#### Exercise goal
Only reproduce the lines from the line containing "Chef Shotaro Kamio (via Facebook) Chef" onward, exactly, through the final line of the data below.

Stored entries
────────

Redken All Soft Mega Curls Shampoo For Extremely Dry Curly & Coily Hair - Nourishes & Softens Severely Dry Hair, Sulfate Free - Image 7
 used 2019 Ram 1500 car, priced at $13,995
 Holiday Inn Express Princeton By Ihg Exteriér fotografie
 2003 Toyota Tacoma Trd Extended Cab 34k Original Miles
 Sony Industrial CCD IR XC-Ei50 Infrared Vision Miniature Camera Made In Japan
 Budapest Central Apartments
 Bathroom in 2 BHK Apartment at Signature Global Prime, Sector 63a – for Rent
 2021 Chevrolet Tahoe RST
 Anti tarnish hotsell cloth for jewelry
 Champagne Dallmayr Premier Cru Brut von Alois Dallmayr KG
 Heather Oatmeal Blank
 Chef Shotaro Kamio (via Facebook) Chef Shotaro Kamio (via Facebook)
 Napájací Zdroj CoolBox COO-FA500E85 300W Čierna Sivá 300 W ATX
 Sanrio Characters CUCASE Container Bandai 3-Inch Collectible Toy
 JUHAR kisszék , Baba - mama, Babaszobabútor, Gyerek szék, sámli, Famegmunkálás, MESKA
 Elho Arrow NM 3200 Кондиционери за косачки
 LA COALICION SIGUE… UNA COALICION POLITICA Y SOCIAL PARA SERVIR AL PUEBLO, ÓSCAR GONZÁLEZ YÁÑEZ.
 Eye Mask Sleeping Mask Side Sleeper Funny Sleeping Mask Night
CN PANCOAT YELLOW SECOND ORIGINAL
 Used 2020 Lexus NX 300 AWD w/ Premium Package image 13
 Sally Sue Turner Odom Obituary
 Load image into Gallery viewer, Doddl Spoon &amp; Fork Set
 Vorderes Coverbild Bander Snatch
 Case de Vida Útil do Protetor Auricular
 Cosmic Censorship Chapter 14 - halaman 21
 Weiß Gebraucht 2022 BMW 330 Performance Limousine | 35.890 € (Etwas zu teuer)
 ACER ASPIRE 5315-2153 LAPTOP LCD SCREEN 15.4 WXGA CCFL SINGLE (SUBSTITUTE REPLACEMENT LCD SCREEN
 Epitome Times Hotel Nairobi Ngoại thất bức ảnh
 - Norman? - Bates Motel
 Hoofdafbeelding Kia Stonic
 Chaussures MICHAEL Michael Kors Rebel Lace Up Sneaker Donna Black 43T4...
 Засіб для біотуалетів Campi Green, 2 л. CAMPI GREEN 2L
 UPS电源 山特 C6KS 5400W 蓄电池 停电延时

────────

#### Answer for the task
 Chef Shotaro Kamio (via Facebook) Chef Shotaro Kamio (via Facebook)
 Napájací Zdroj CoolBox COO-FA500E85 300W Čierna Sivá 300 W ATX
 Sanrio Characters CUCASE Container Bandai 3-Inch Collectible Toy
 JUHAR kisszék , Baba - mama, Babaszobabútor, Gyerek szék, sámli, Famegmunkálás, MESKA
 Elho Arrow NM 3200 Кондиционери за косачки
 LA COALICION SIGUE… UNA COALICION POLITICA Y SOCIAL PARA SERVIR AL PUEBLO, ÓSCAR GONZÁLEZ YÁÑEZ.
 Eye Mask Sleeping Mask Side Sleeper Funny Sleeping Mask Night
CN PANCOAT YELLOW SECOND ORIGINAL
 Used 2020 Lexus NX 300 AWD w/ Premium Package image 13
 Sally Sue Turner Odom Obituary
 Load image into Gallery viewer, Doddl Spoon &amp; Fork Set
 Vorderes Coverbild Bander Snatch
 Case de Vida Útil do Protetor Auricular
 Cosmic Censorship Chapter 14 - halaman 21
 Weiß Gebraucht 2022 BMW 330 Performance Limousine | 35.890 € (Etwas zu teuer)
 ACER ASPIRE 5315-2153 LAPTOP LCD SCREEN 15.4 WXGA CCFL SINGLE (SUBSTITUTE REPLACEMENT LCD SCREEN
 Epitome Times Hotel Nairobi Ngoại thất bức ảnh
 - Norman? - Bates Motel
 Hoofdafbeelding Kia Stonic
 Chaussures MICHAEL Michael Kors Rebel Lace Up Sneaker Donna Black 43T4...
 Засіб для біотуалетів Campi Green, 2 л. CAMPI GREEN 2L
 UPS电源 山特 C6KS 5400W 蓄电池 停电延时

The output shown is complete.